They made a surprising run to the silver medal at the worlds, knocking off defending champion Australia in the quarterfinals before losing to the U.S. in the title game. The Czech Republic was definitely buoyed in that tournament by its home crowd that included President Vaclav Klaus for the championship game.

The Americans will close out pool play Sunday against China, which was routed by Turkey 82-55.

Also Friday, Australia’s Liz Cambage had the play of the day — maybe of the Olympic women’s basketball tournament when she dunked in the Aussies’ 70-66 win over Russia. Canada advanced to the quarterfinals with a 79-73 victory over Brazil. Croatia routed Angola 75-56; and France edged Britain 80-77 in overtime.


U.S. WOMEN'S SOCCER TEAM ROLLS INTO SEMIS:

NEWCASTLE, England — These were perhaps going to be the Hope Solo Olympics for the U.S. women’s soccer team. Or maybe the Alex Morgan Games. Instead, they belong so far to the old reliable, Abby Wambach, who has scored in every match to lead the Americans into the semifinals.

The 32-year-old striker slid onto the ball in the 27th minute Friday to knock home her fourth goal of the tournament and then led a celebration of cartwheels — a tribute to the gymnastics team — in the United States’ 2-0 win over New Zealand in the quarterfinals of the Olympic tournament.

“Everything she does on and off the field, she leads this team,” U.S. coach Pia Sundhage said. “She’s in a good place, that’s for sure.”

Sydney Leroux added an insurance goal in the 87th minute for the two-time defending gold medallists, who will play Canada match in Manchester on Monday. The Americans beat the Canadians 4-0 in Olympic qualifying in January.
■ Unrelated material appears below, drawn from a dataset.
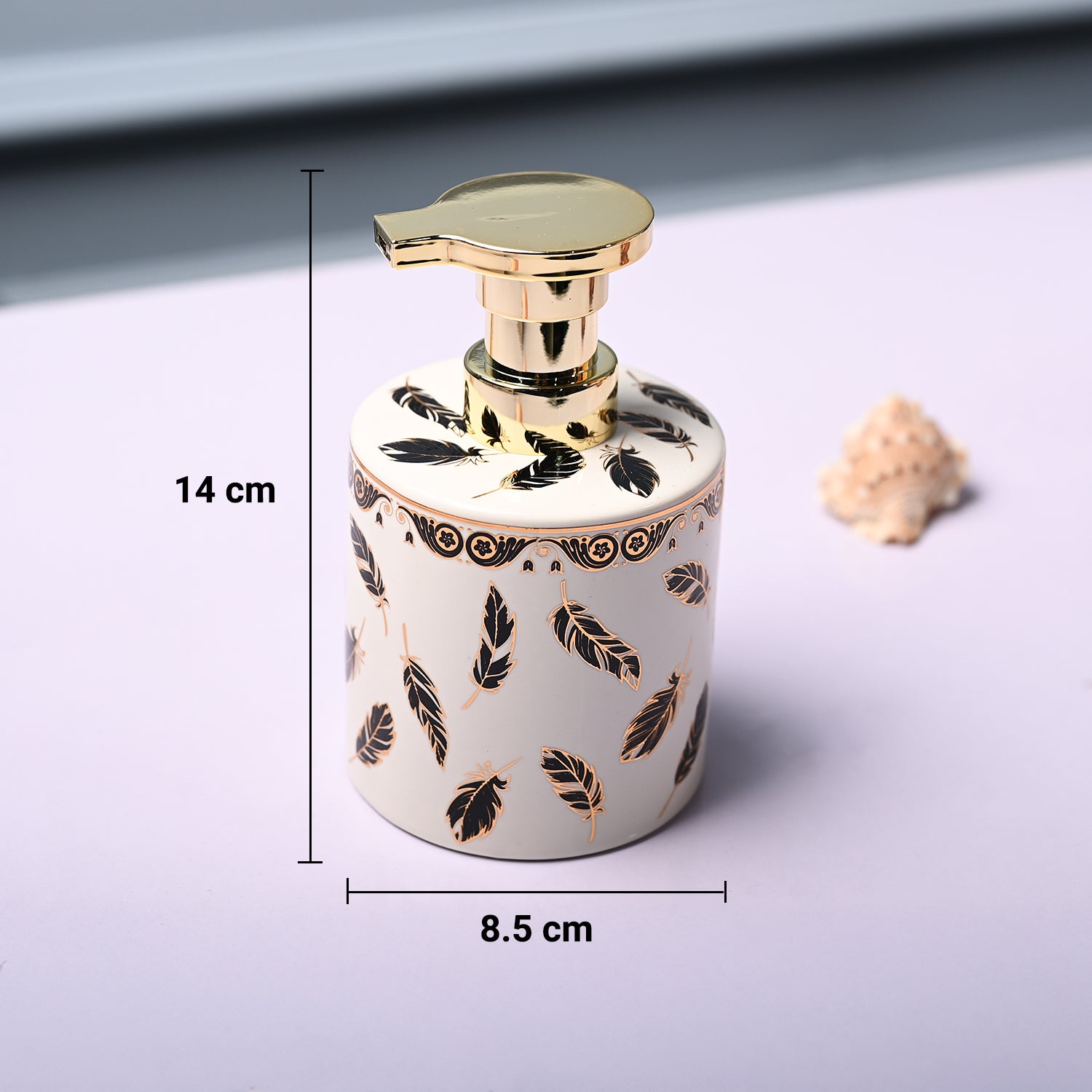 Ceramic Off White Cylindrical Soap Dispenser - Leaf Design Glossy Finish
Wambach extended her U.S. record with her eighth career Olympic goal — a mark she holds despite missing the Beijing Games with a broken leg — and pushed her international tally to 142, only 16 behind Mia Hamm’s world record. For most of the year, she has yielded much of the scoring load to youngster Morgan while using both holistic and traditional treatments to treat the nagging Achilles tendinitis that has bothered her for some three years.

“I don’t know if it’s the adrenaline, I’m not quite sure exactly what the reason is, but I’m not going to ask questions at this point,” Wambach said. “I’m just playing pain-free for the first time in a long time.”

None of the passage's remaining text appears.